Le BYC est un mouvement populaire pacifique de défense des droits civiques qui milite pour les droits humains au Baloutchistan. Cette organisation a été visée par des opérations de répression ces dernières années, ses dirigeants, parmi lesquels figurent les militants Mahrang Baloch, Bebarg Zehri, Beebow Baloch, Shah Jee Sibghat Ullah et Gulzadi Baloch, étant placés en détention provisoire illégale dans le cadre d’un procès secret depuis plus d’un an, sur la base de fausses accusations de terrorisme. Les militant·e·s, les avocat·e·s et les journalistes critiquant cette répression sont également pris pour cible.
En janvier 2026, Imaan Mazari et Hadi Ali Chatta, avocat·e·s spécialisés dans les droits humains, qui ont par ailleurs défendu Mahrang Baloch dans plusieurs affaires à Islamabad, ont été condamnés à 10 ans d’emprisonnement pour des publications sur les réseaux sociaux dans lesquelles ils ont exprimé leur solidarité avec les militant·e·s baloutches, en particulier Mahrang Baloch.
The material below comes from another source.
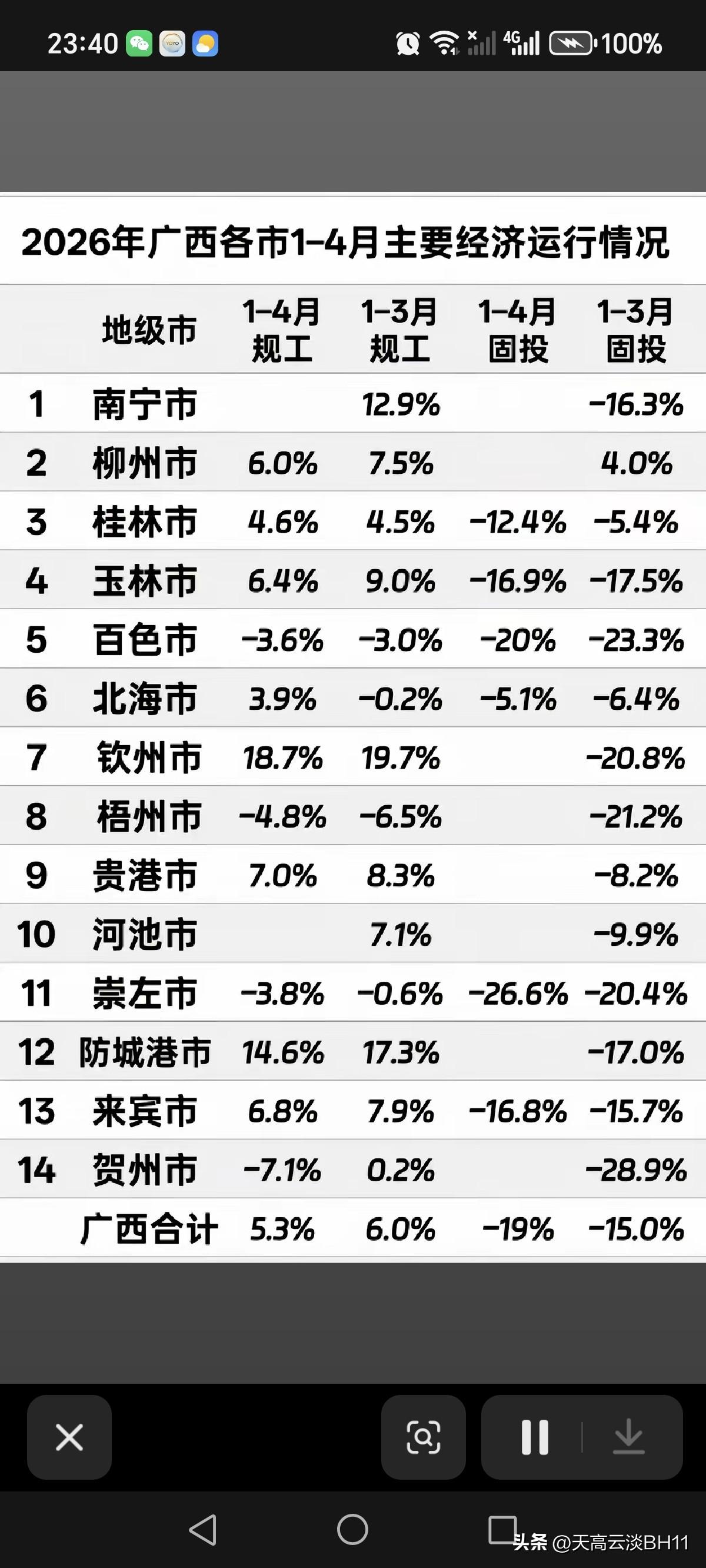 4月，广西各城市的规工和固投较前三个月均出现小幅回落。
规工方面，南宁和河池两市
Le journaliste Sohrab Barkat a également été arrêté en décembre 2025 pour des publications à propos du Baloutchistan sur les réseaux sociaux. En octobre 2025, des dizaines de militant·e·s baloutches ont été placés sur une « liste de surveillance antiterroriste » au titre de la section 11 EE de la Loi antiterroriste, qui restreint fortement leur droit à la liberté et leur droit de se déplacer.
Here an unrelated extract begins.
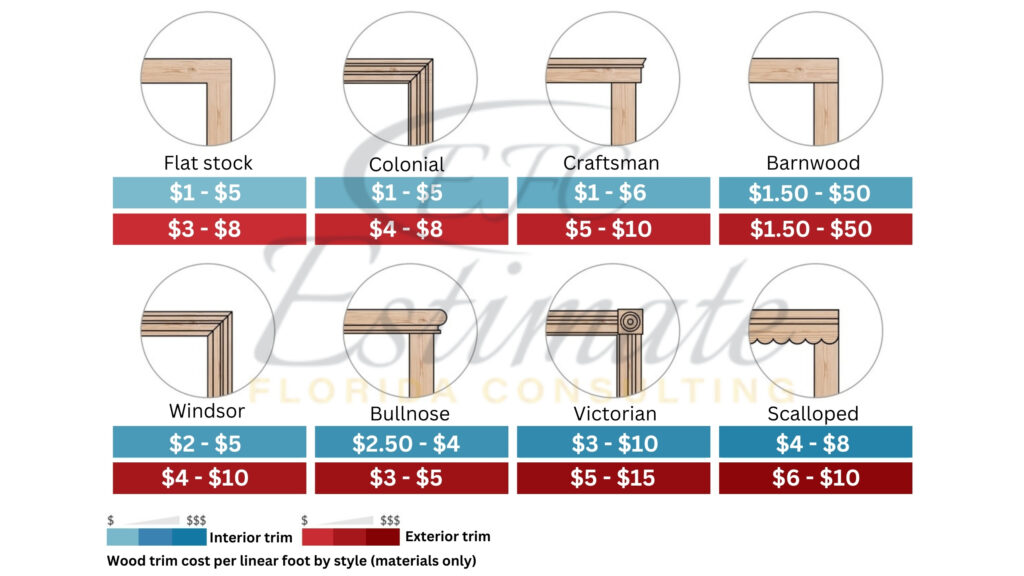 Lumber Cost Estimator in Boca Raton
Les autorités locales de la province du Sind ont récemment interdit aux membres du BYC de participer à la marche annuelle des femmes à Karachi, l’Aurat March Karachi, prévue pour le 10 mai, affirmant que l’organisation était une « organisation interdite » en vertu de la loi antiterroriste de 1997, bien qu’aucune désignation en ce sens n’ait été prononcée en vertu de cette loi.
Après la disparition forcée de Dad Shah lors d’une descente au domicile familial à Karachi, sa famille s’est rendue au poste de police local pour déposer une plainte concernant son enlèvement, mais la police a refusé d’enregistrer un procès-verbal introductif (FIR). Finalement, lorsque le rapport a été enregistré quatre jours plus tard, il visait des « personnes inconnues », bien que la famille ait insisté pour que les fonctionnaires en question soient nommés.
Sa sœur, Fozia Baloch, et leur mère ont décidé d’organiser une conférence de presse au Club de la presse de Karachi le 25 avril au sujet de la disparition de Dad. À leur arrivée au Club de la presse, la police avait déjà bouclé les lieux et les a empêchées de parler aux médias. Sur le chemin du retour, Fozia Baloch et sa mère ont été interpellées par la police, ont été maltraitées, arrêtées, puis inculpées dans le cadre d’une affaire pénale. Elles ont été libérées peu après, et l’affaire a été classée sans suite après un recours devant les tribunaux.
On recense de nombreux signalements de disparitions forcées dans la province du Baloutchistan et dont les victimes sont des personnes appartenant à la communauté baloutche. La Commission d’enquête gouvernementale sur les disparitions forcées a indiqué qu’au mois de novembre 2025, elle avait enquêté sur 10 718 cas dans tout le pays.
L’organisation Defence of Human Rights (DHR) a recensé 3 140 cas depuis 2006, dont 1 362 victimes continuent à manquer à l’appel. Elle a recensé 60 cas supplémentaires en 2025. Le Pakistan n’est pas signataire de la Convention internationale pour la protection de toutes les personnes contre les disparitions forcées, et ne dispose d’aucune loi érigeant les disparitions forcées en infraction pénale.
Amnesty International a déjà signalé que les familles des personnes disparues sont souvent victimes de harcèlement, de détentions illégales et de surveillance de la part de l’État, en particulier lorsqu’elles s’expriment et agissent pour le retour de leurs proches.